Yup, it's story time again!  Here goes!

The girls ate dinner at around 7:30pm. Afterwards, they all went their separate ways, and I went back to watching TV with my boyfriend. After about 45 minutes, I went out to the kitchen for a drink, and stopped to pet each cat along the way (like I always do)...but I couldn't find Alice. So I started doing a quick look around...not on the counter, the table, the cat tree, around the computers, not in the bathroom, not locked in the bedroom, not under the armchairs... Then I shook a treat bag, but no Alice...and thats very odd.

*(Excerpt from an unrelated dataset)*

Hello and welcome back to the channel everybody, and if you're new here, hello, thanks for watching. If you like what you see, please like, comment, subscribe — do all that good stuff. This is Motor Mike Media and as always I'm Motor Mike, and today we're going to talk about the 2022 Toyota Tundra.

So I started looking a little closer, and began calling out her name. My boyfriend joined in the search for her then too. I kept calling her name, and every so often I'd hear her cry out, and I kept thinking that she must be hurt or stuck somewhere...problem was, she'd meow once and then stop, so it was really hard to locate her by sound. My only consolation was that neither of us had gone outside after we got home from work, so I knew she couldn't be out there...plus she was meowing _in _the house (of course I checked outside anyways, because I'm paranoid like that...). Anyways, we searched everywhere...and I mean it. Cardboard boxes, closets, cupboards, trash cans, inside _and _behind the refrigerator, the dishwasher... 

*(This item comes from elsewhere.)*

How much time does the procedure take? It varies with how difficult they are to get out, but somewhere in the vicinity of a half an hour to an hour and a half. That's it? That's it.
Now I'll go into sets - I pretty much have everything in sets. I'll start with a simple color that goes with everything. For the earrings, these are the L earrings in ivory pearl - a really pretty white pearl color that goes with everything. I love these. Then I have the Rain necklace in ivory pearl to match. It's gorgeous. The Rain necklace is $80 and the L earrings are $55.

And *still *no Alice. At that point, I was starting to freak out a bit, because I knew she was around, but there's only so many places to look in a small apartment.

So I started going back over everything again. We were over an *hour *into our search, and I went back into the kitchen and started pulling open cupboards, and then I heard her again, and I could tell she was extremely close. So on a whim, I started pulling open the kitchen drawers. I opened the bottom drawer, where we keep our foil, baggies, and cling wrap...and there she was all squished in the drawer and very frantic to get out!! I slowly opened the drawer, so as not to hurt her, and gently lifted her out. I cuddled her up a bit, and checked her over to make sure she hadn't hurt herself at all (she's fine ). I inspected the drawer and it turns out there's like a 3.5 inch opening that allows access to the drawers and cupboards, and runs along the underside of the counter near the floor. It's a tight fit, but it's the only idea I can come up with as to how she got in there. :?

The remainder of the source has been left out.